Quickly pushing her thoughts away, Rose quickly eliminated a lot of the aliens she recognised from the list. By the time they broke off for a tea break, just over half of the images were left, and the man was busily organising them into neat rows. She rolled her eyes; nothing could be neat with aliens, nothing ordered or organised. She doubted he had ever encountered a real alien in his short time here.

She followed Mickey to the kitchen and poured herself a mug of tea. That was another thing disconcerting about this world: the tea. She made it exactly the same as she had back home, and yet there was something distinctly…'not tea' about it, unrecognisable unless you were paying attention. She sipped it and scowled.

"Something wrong?" Mickey swallowed a mouthful of tea without seeming to notice the difference. She shook her head, and they made their way back up to the next floor, where Rose sat at her computer in a daze, flicking through obscure blogs and forums, anywhere that had a mention of anything alien.
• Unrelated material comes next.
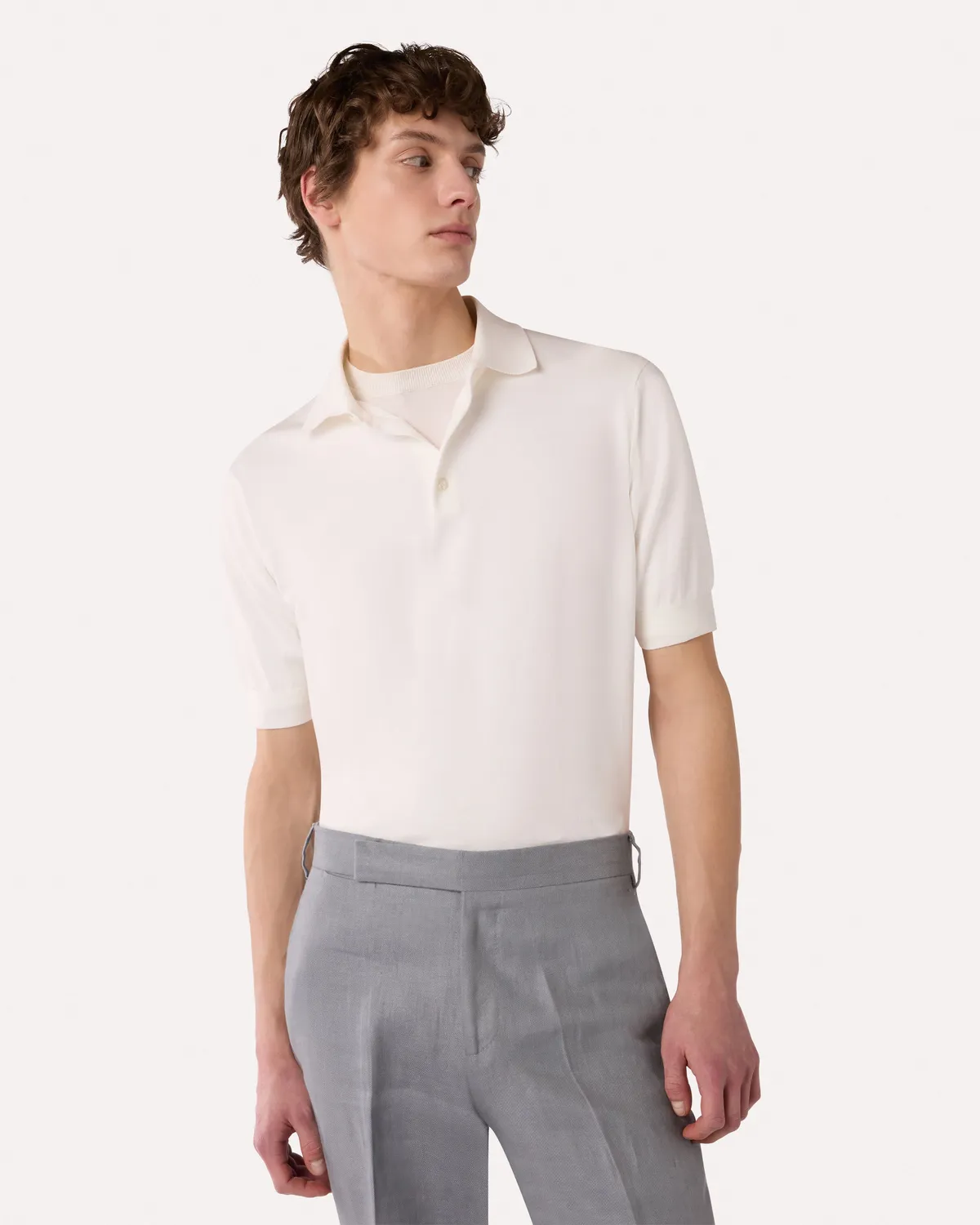Lardini polo bianca in maglia di cotone superpiuma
If she had found something concrete her father would have to be alerted, but after spending a year with the Doctor, she could easily recognise the real descriptions. "A small green man standing in my front room making 'bleep bleep' noises", for instance.

Nothing remotely important came up, and her father sent her home at half three, saying she looked peaky. She didn't go back to the house, choosing instead to wander through the London streets, trying not to notice everything that was different to home. She stopped to eat at a chippy she didn't recognise, slumped at a table near the window munching chips that were almost identical to any she'd ever tasted, and stared at the cars roaring past, belching poison into the already tattered atmosphere.

Rose had just taken another mouthful of chips when her phone trilled in her jacket pocket, gaining an accusatory glare from an old woman. Grimacing apologetically, Rose ducked out of the café, dropping the remains of her lunch into the nearest bin when she realised she wasn't hungry.

"Hello?" said Rose as she answered her mobile, and Mickey's excited voice floated from the other end. He was talking almost too fast to hear, and it took Rose a few minutes to make him slow down.

"Pete says we can't solve the transmission without outside help," her friend repeated, fighting to keep his voice steady. "He says we need to find the old head of Communications, someone who left years ago. Years and years. Oh my God, Rose!"

"What?" Rose didn't get why he was so bothered about this old retired guy. "Who is it, Mickey? Don't keep me in suspense." She was smiling at his childlike enthusiasm despite herself.

He told her. And the grin slid off her face as her mouth dropped open in amazement.